By David W. Orr - Oxford University Press

Down to the Wire: Confronting Climate Collapse
  • Down to the Wire: Confronting Climate Collapse

Because environmental studies professor David Orr's book is gracefully written, with a lucid and comprehensive vision, it is easy to read. However, because of its subject and its messages, it is very difficult to read. For all of those reasons, it is important that everyone reads it, because it is about our future, which is likely to be very different from the present.

Orr begins with a view of the future that close observers of climate change are increasingly coming to, one that marks a real difference from just a few years ago. Despite current denialist noise, it's not a question of "if" anymore. It's how fast, how bad and how long.

Continued greenhouse gas pollution will result in an unrecognizably hot planet for hundreds of thousands of years, shorn of the life we know. "But a sober reading of the science of climate change indicates something else: We have already set in motion forces and trends that threaten the stability of the biosphere in a few decades and that will persist far longer."

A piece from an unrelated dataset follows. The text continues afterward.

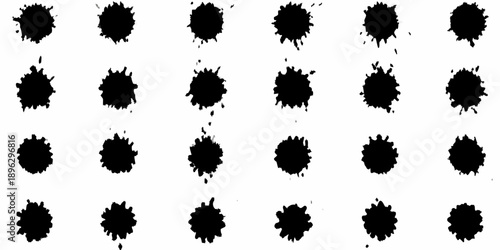 Abstract arrangement of irregularly shaped black blots on a white background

This is the growing consensus: Severe and long-lasting effects are already in the cards. They may well be so overwhelming and persistent that they will absorb most of our attention and resources. "Climate change, like the threat of nuclear annihilation, puts all that humanity has struggled to achieve -- our cultures, art, music, literatures, cities, institutions, customs, religions, and history, as well as our posterity -- at risk."

 "Climate change, in other words, is not so much a problem to be fixed but rather a steadily worsening condition with which we must contend for a long time."

Orr looks at issues of governance and attitude as well as more specific ideas. Though he admits, "I know of no purely rational reason for anyone to be optimistic about the human future," he opts for hope -- but of a particular kind: "Hope is a verb with its sleeves rolled up. Hopeful people are actively engaged in defying the odds or changing the odds." He quotes Vaclav Havel's definition of hope as "an orientation of the heart" and "ability to work for something because it is good."

This is one of the first books about how to contend with this "Long Emergency." It won't be the last. And how hard it is to read and then write these words, because it's real now: Very probably, the world we've known is ending, and humanity faces its greatest challenge, including the dual tasks of living in this harsher world while still doing what is necessary not to make things worse. Ending greenhouse gas pollution is still necessary, but it alone is no longer enough. We enter the age of consequences.